Re: [PATCH v1 1/1] PCI/ERR: Handle fatal error recovery for non-hotplug capable devices

From: Kuppuswamy, Sathyanarayanan
Date: Wed May 27 2020 - 23:59:15 EST




On 5/26/20 11:41 PM, Yicong Yang wrote:
We should do slot reset if driver required, but it's different from the `slot reset` in pci_bus_error_reset().
Previously we don't do a slot reset and call ->slot_reset() directly, I don't know the certain reason.
IIUC, your concern is whether it is correct to trigger reset for
pci_channel_io_normal case right ? Please correct me if my
assumption is incorrect.
right.

If its true, then why would report_error_detected() will return
PCI_ERS_*_NEED_RESET for pci_channel_io_normal case ? If
report_error_detected() requests reset in pci_channel_io_normal
case then I think we should give preference to it.
If we get PCI_ERS_*_NEED_RESET, we should do slot reset, no matter it's a
hotpluggable slot or not.

pci_slot_reset() function itself has dependency on hotplug ops. So
what kind of slot reset is needed for non-hotplug case?

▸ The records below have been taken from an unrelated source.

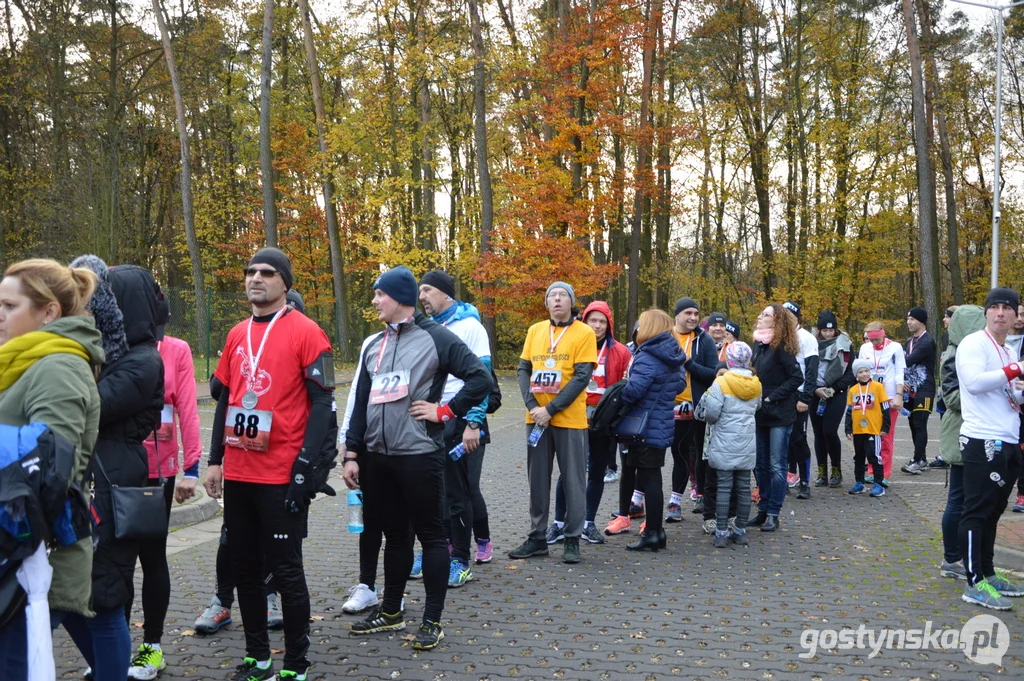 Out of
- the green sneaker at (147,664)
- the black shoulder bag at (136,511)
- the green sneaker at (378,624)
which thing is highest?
the black shoulder bag at (136,511)

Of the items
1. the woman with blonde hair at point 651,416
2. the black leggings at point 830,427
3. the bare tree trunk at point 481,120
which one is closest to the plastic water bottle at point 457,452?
the woman with blonde hair at point 651,416

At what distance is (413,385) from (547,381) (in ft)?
7.47

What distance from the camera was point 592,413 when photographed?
8.01m

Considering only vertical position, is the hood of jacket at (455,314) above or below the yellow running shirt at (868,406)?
above

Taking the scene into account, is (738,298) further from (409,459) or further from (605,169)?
(409,459)

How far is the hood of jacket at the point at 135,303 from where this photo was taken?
4.20 meters

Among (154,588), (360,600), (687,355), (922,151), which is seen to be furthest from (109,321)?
(922,151)

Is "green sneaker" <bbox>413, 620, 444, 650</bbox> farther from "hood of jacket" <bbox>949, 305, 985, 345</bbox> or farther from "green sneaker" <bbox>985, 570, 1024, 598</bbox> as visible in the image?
"hood of jacket" <bbox>949, 305, 985, 345</bbox>

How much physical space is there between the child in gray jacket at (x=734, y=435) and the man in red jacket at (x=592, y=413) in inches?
31.4

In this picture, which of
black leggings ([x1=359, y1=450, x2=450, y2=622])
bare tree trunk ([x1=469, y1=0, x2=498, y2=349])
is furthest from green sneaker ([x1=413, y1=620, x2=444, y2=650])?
bare tree trunk ([x1=469, y1=0, x2=498, y2=349])

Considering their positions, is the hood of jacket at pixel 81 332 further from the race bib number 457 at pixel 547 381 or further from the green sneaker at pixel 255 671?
the race bib number 457 at pixel 547 381

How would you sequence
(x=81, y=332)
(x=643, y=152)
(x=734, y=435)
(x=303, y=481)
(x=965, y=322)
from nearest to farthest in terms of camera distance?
(x=81, y=332) < (x=303, y=481) < (x=965, y=322) < (x=734, y=435) < (x=643, y=152)

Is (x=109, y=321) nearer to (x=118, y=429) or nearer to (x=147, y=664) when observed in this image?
(x=118, y=429)

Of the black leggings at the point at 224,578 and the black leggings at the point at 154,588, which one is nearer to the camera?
the black leggings at the point at 154,588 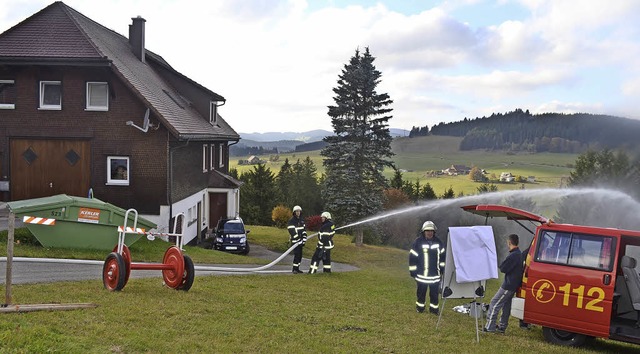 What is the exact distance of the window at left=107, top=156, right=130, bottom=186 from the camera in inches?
945

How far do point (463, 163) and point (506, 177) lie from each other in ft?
87.6

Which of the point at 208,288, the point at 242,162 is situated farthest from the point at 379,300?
the point at 242,162

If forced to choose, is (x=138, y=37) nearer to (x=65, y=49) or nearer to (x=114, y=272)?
(x=65, y=49)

static int pci_slot_reset(struct pci_slot *slot, int probe)
{
int rc;

if (!slot || !pci_slot_resetable(slot))
return -ENOTTY;

if (!probe)
pci_slot_lock(slot);

might_sleep();

rc = pci_reset_hotplug_slot(slot->hotplug, probe);

if (!probe)
pci_slot_unlock(slot);

return rc;
}

static int pci_reset_hotplug_slot(struct hotplug_slot *hotplug, int probe)
{
int rc = -ENOTTY;

if (!hotplug || !try_module_get(hotplug->owner))
return rc;

if (hotplug->ops->reset_slot)
rc = hotplug->ops->reset_slot(hotplug, probe);

module_put(hotplug->owner);

return rc;
}
And we shouldn't do it here in reset_link(), that's
two separate things. The `slot reset` done in aer_root_reset() is only for *link
reset*, as there may have some side effects to perform secondary bus reset directly
for hotpluggable slot, as mentioned in commit c4eed62a2143, so it use slot reset
to do the reset link things.

As for slot reset required by the driver, we should perform it later just before the
->slot_reset(). I noticed the TODO comments there and we should implement
it if it's necessary.
I agree.

It lies in line 183, drivers/pcie/err.c:

if (status == PCI_ERS_RESULT_NEED_RESET) {
/*
* TODO: Should call platform-specific
* functions to reset slot before calling
* drivers' slot_reset callbacks?
*/
status = PCI_ERS_RESULT_RECOVERED;
pci_dbg(dev, "broadcast slot_reset message\n");
pci_walk_bus(bus, report_slot_reset, &status);
}